Una de las desgracias a las que se ven sometidas las grandes inteligencias es la de comprender por fuerza todas las cosas, tanto los vicios como las virtudes. Estos dos jóvenes juzgaban a la sociedad tanto más soberanamente cuanto que se encontraban situados más bajos, ya que los hombres desconocidos se vengan de la humildad de su posición mediante la altura de sus críticas. Pero también su desesperación era tanto más amarga cuanto que de esta forma iban más rápidamente hacia donde les llevaba su verdadero destino. Lucien había leído mucho y comparado mucho; David había pensado mucho y meditado mucho. A pesar de la apariencia de una salud vigorosa y pueblerina, el impresor tenía un carácter melancólico y enfermizo, dudaba de sí mismo; por el contrario, Lucien, dotado de un espíritu emprendedor y movido, tenía una audacia que estaba en desacuerdo con su blando talante, casi débil, pero lleno de gracia femenina.

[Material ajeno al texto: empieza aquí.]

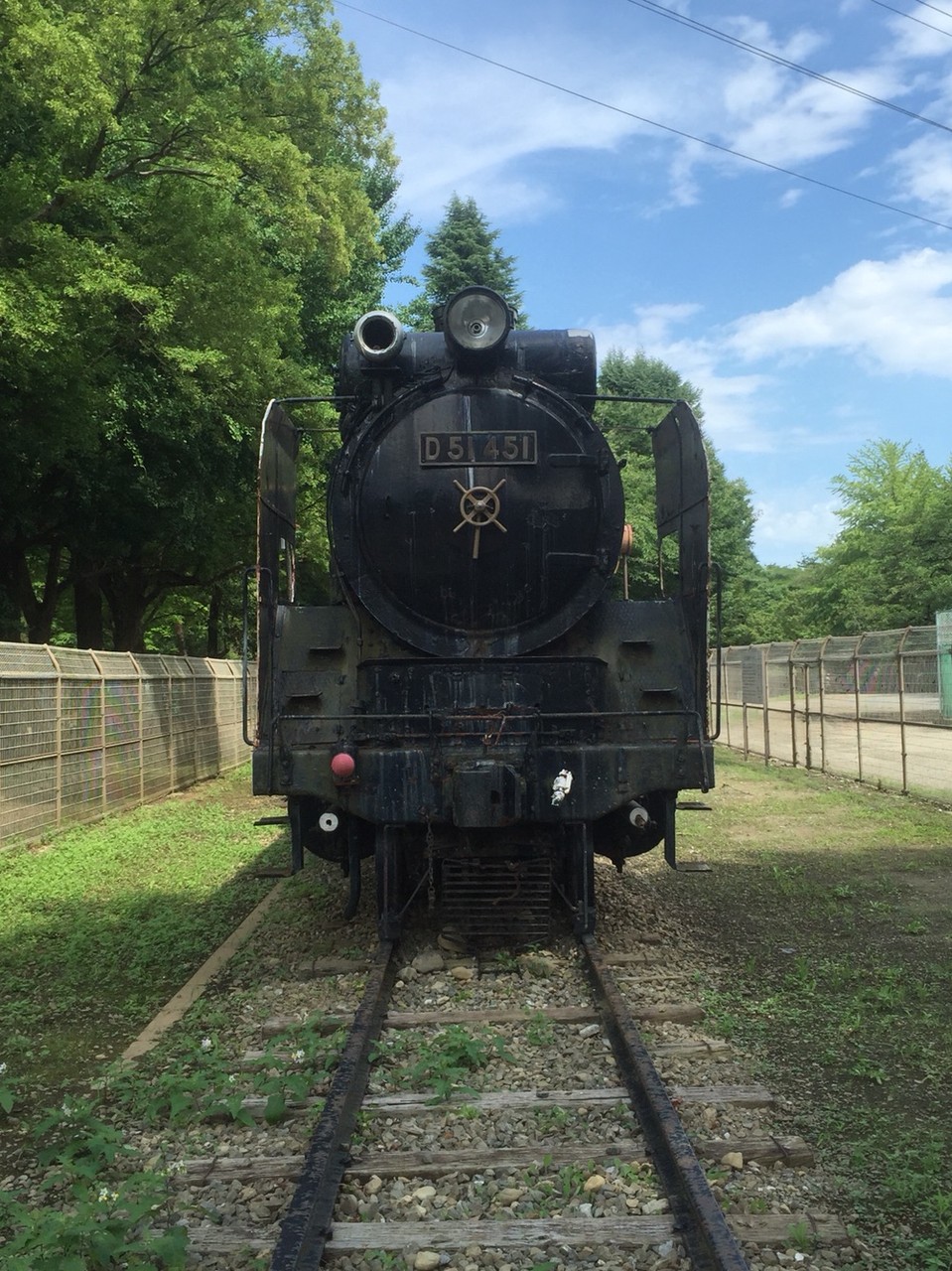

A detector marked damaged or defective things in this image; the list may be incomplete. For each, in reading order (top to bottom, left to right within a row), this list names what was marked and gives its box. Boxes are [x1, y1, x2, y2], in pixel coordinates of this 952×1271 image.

rusty metal surface [268, 937, 399, 1263]
rusty metal surface [580, 933, 750, 1271]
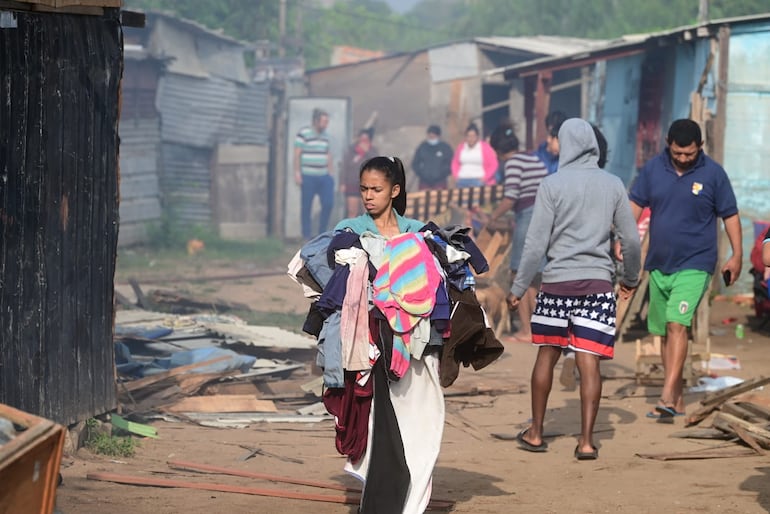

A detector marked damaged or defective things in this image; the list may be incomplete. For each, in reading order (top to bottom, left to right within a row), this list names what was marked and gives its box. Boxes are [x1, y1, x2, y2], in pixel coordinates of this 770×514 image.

broken wood board [166, 392, 278, 412]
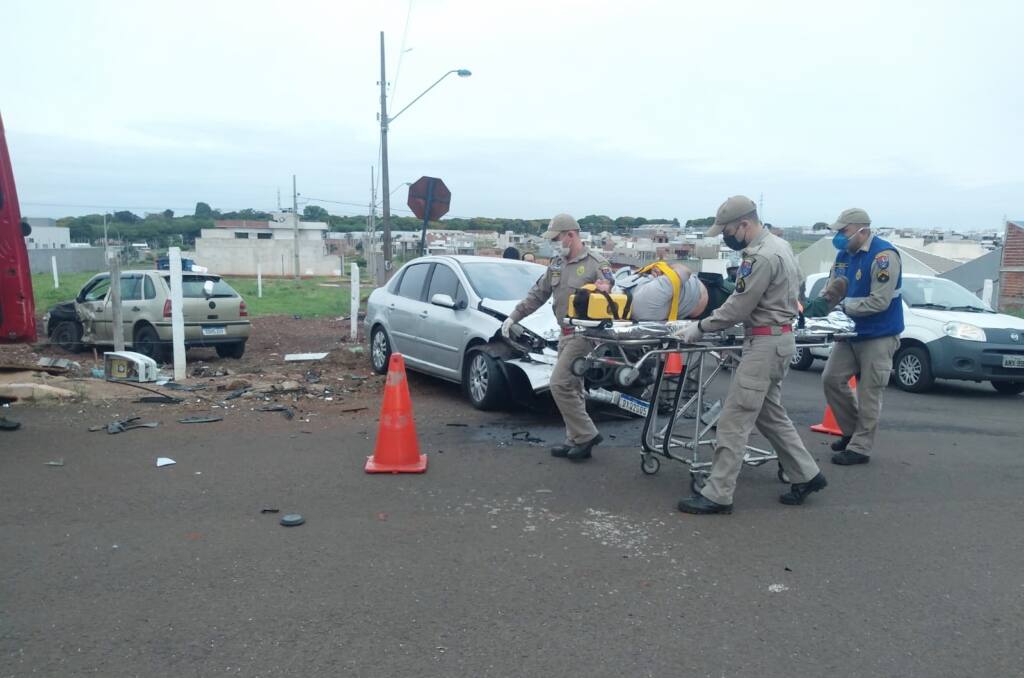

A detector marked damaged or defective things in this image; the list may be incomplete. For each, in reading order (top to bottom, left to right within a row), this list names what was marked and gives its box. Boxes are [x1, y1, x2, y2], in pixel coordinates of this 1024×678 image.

damaged vehicle [43, 272, 252, 366]
damaged vehicle [364, 256, 668, 412]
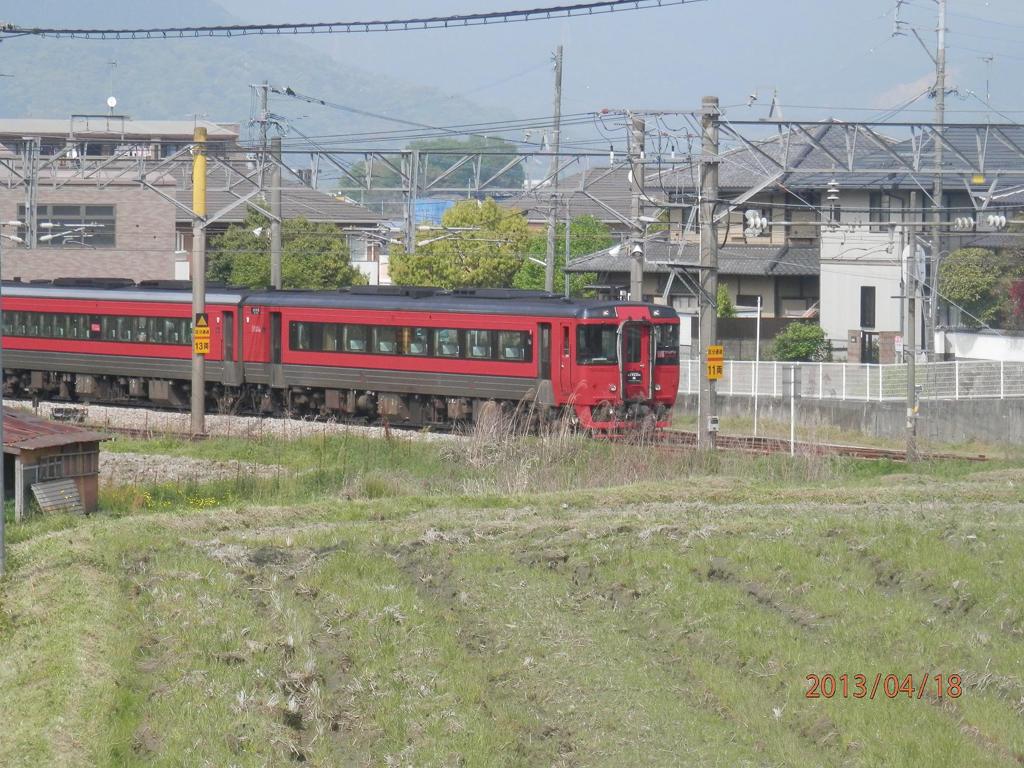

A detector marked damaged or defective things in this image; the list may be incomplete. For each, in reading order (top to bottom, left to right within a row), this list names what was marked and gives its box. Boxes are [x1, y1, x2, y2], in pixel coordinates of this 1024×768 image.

rusty shed roof [3, 411, 111, 454]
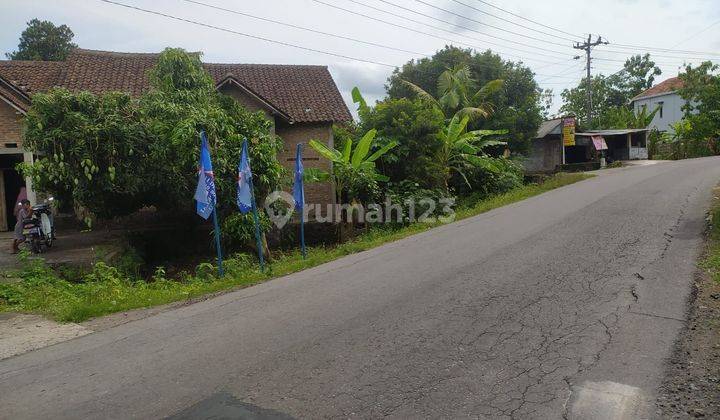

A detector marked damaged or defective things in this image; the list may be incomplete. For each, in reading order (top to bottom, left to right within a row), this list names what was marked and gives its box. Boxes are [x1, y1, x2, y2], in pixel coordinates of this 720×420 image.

cracked asphalt surface [1, 156, 720, 418]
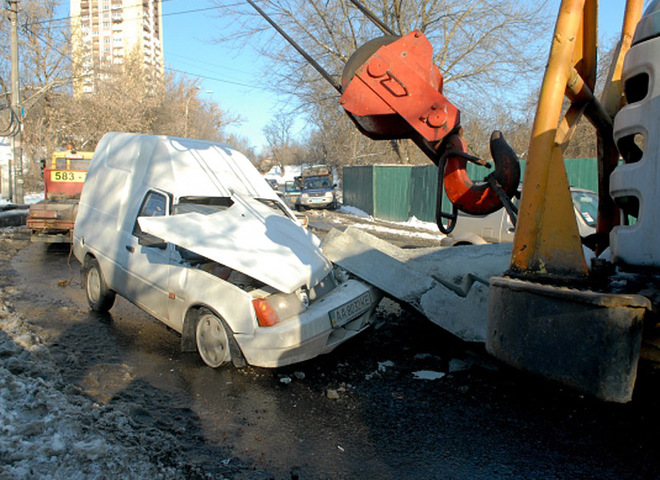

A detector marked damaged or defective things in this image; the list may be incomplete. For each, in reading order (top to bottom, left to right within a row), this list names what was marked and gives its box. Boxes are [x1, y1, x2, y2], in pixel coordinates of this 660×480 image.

crushed white van [71, 133, 382, 370]
broken concrete edge [484, 276, 648, 404]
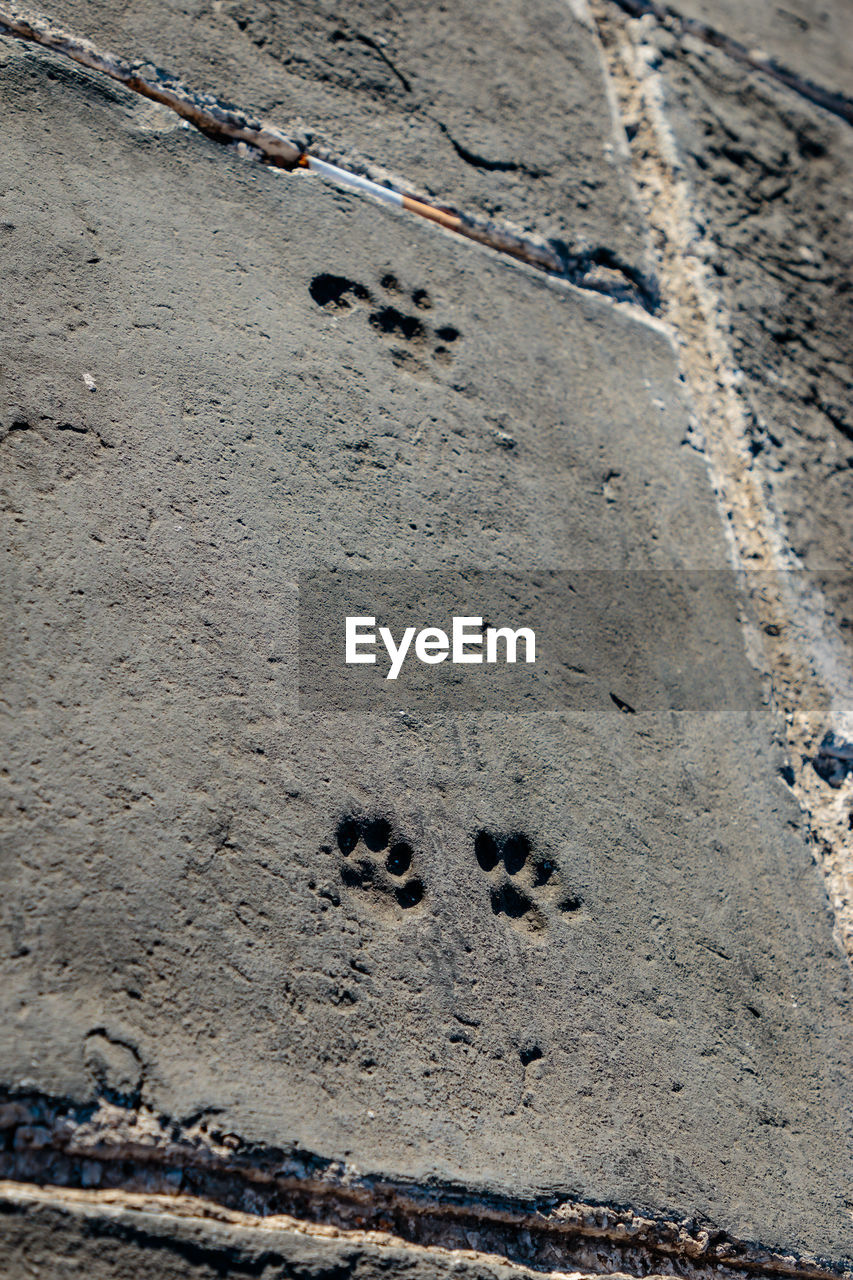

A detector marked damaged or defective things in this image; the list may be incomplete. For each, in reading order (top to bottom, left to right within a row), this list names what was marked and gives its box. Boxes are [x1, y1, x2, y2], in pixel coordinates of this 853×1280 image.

crack in concrete [0, 1, 653, 312]
crack in concrete [604, 0, 850, 127]
crack in concrete [3, 1090, 845, 1280]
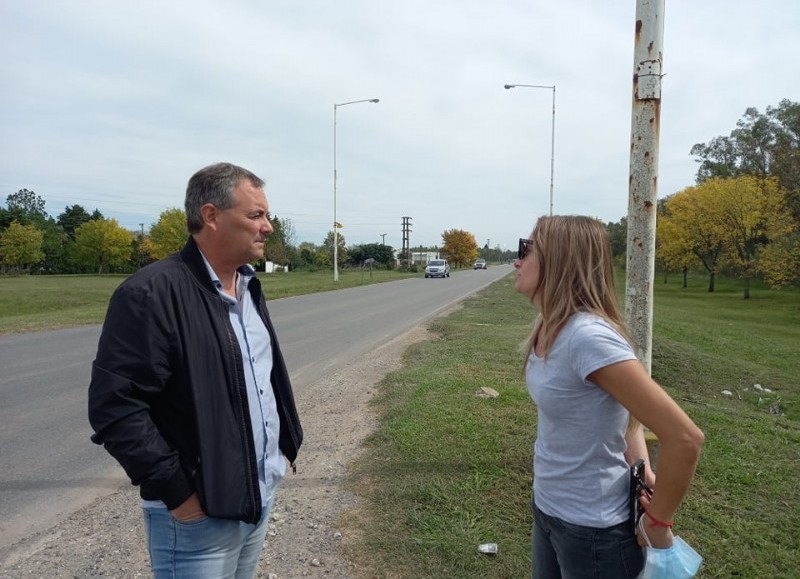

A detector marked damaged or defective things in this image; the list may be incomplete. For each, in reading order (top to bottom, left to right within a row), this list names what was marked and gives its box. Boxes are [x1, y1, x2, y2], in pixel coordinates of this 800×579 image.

rusty utility pole [628, 0, 664, 372]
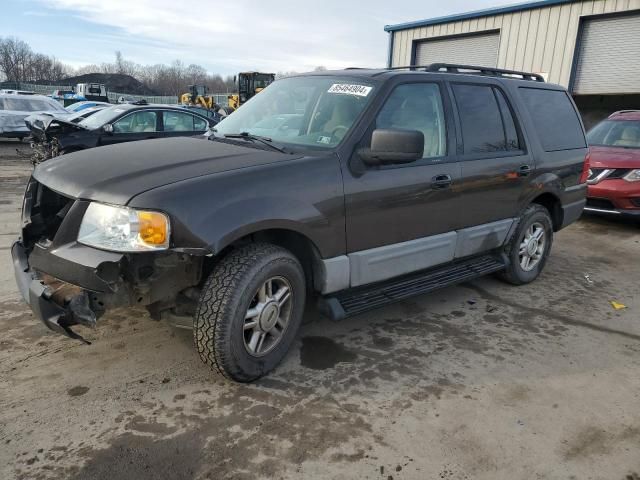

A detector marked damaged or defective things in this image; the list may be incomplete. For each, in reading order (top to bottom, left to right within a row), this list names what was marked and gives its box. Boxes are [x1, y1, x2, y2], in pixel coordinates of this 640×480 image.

damaged front end [23, 114, 85, 165]
crumpled hood [32, 135, 298, 204]
crumpled hood [588, 146, 640, 169]
broken headlight [78, 202, 170, 253]
damaged front end [12, 178, 202, 344]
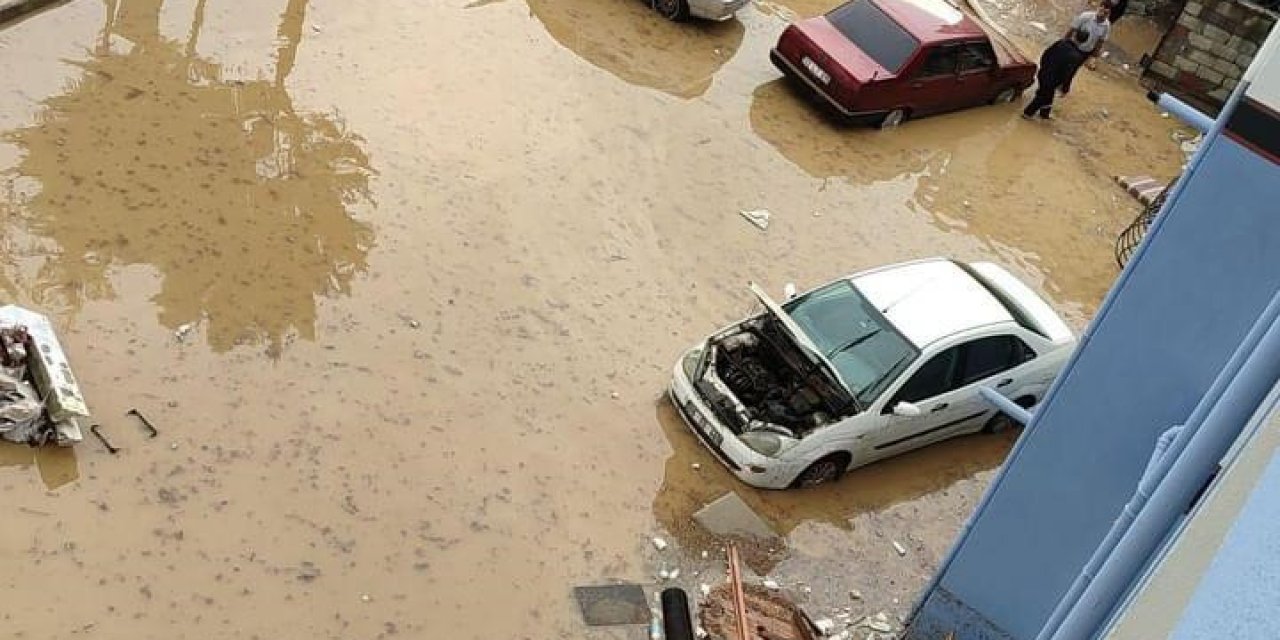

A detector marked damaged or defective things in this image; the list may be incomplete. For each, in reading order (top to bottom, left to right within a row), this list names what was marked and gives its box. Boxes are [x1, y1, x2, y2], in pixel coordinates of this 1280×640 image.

damaged vehicle [0, 304, 89, 444]
damaged vehicle [672, 258, 1080, 488]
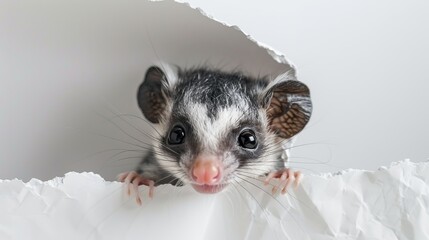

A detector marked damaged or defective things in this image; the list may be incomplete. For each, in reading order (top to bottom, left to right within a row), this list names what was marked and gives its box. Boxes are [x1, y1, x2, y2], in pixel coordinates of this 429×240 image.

torn paper hole [1, 160, 426, 239]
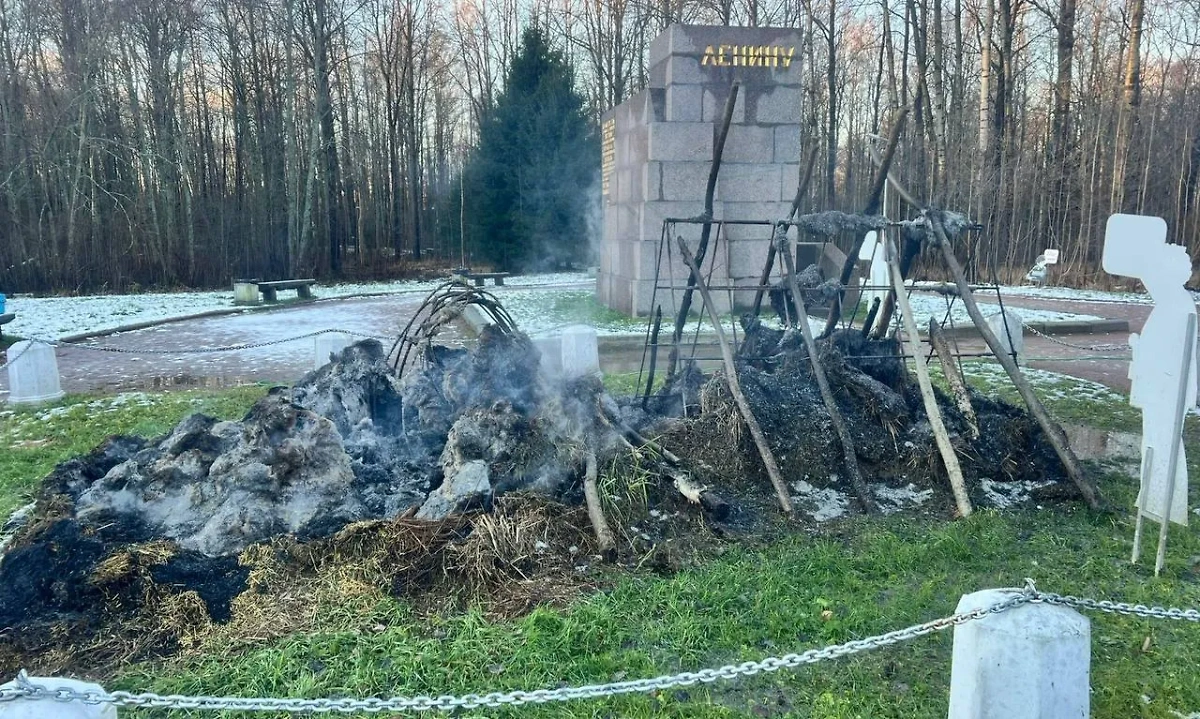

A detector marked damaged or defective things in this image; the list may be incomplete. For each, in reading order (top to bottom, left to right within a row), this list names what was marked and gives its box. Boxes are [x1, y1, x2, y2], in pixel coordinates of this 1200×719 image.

charred wooden stick [584, 450, 620, 564]
charred wooden stick [644, 306, 660, 410]
charred wooden stick [664, 83, 740, 380]
charred wooden stick [676, 235, 796, 512]
charred wooden stick [756, 148, 820, 316]
charred wooden stick [772, 225, 876, 512]
charred wooden stick [820, 107, 916, 340]
charred wooden stick [884, 238, 972, 516]
charred wooden stick [928, 320, 976, 442]
charred wooden stick [928, 211, 1104, 510]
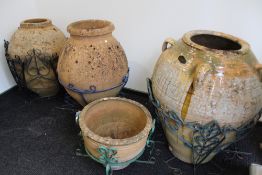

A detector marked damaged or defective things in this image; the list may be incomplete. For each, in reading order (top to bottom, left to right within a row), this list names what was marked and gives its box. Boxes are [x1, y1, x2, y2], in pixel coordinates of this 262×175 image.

Lucien mantenía en su más alto grado el carácter gascón, osado, valiente, aventurero, que exagera lo bueno y minimiza lo malo, que no se detiene ante una falta si de ella puede sacar algún provecho y que se burla del vicio si éste le puede servir de trampolín. Estas disposiciones de ambicioso se encontraban entonces comprimidas por las ilusiones de la juventud, por el ardor que le empujaba a los nobles medios que los hombres, amantes de gloria, emplean antes que los demás. Entonces se encontraba en pugna únicamente con sus propios deseos y-no con las dificultades de la vida con su propia pujanza y no con la cobardía de los hombres, que es de un fatal ejemplo para los caracteres movidos e inquietos.
Vivamente seducido por la brillante inteligencia de Lucien, David lo admiraba, aunque rectificando los errores en los que le hacía caer la furia francesa. Este hombre tenía justamente un carácter tímido en desacuerdo con su fuerte complexión, pero no carecía en absoluto de la tenacidad de los hombres del norte. Si bien veía todas las dificultades, también se prometía vencerlas sin retroceder ante ellas; y si tenía la firmeza de una virtud verdaderamente apostólica, la atemperaba mediante las gracias de una inagotable indulgencia. En esta amistad, ya antigua, uno de los dos amaba con idolatría, y era David. Con tal motivo, Lucien mandaba como mujer que se sabe amada. David obedecía complacientemente. La belleza física de su amigo entrañaba una superioridad que aceptaba, encontrándose torpe y vulgar.
— Para el buey la vida tranquila, para el pájaro la vida despreocupada — se decía el impresor — . Por lo tanto, yo seré el buey y Lucien será el águila.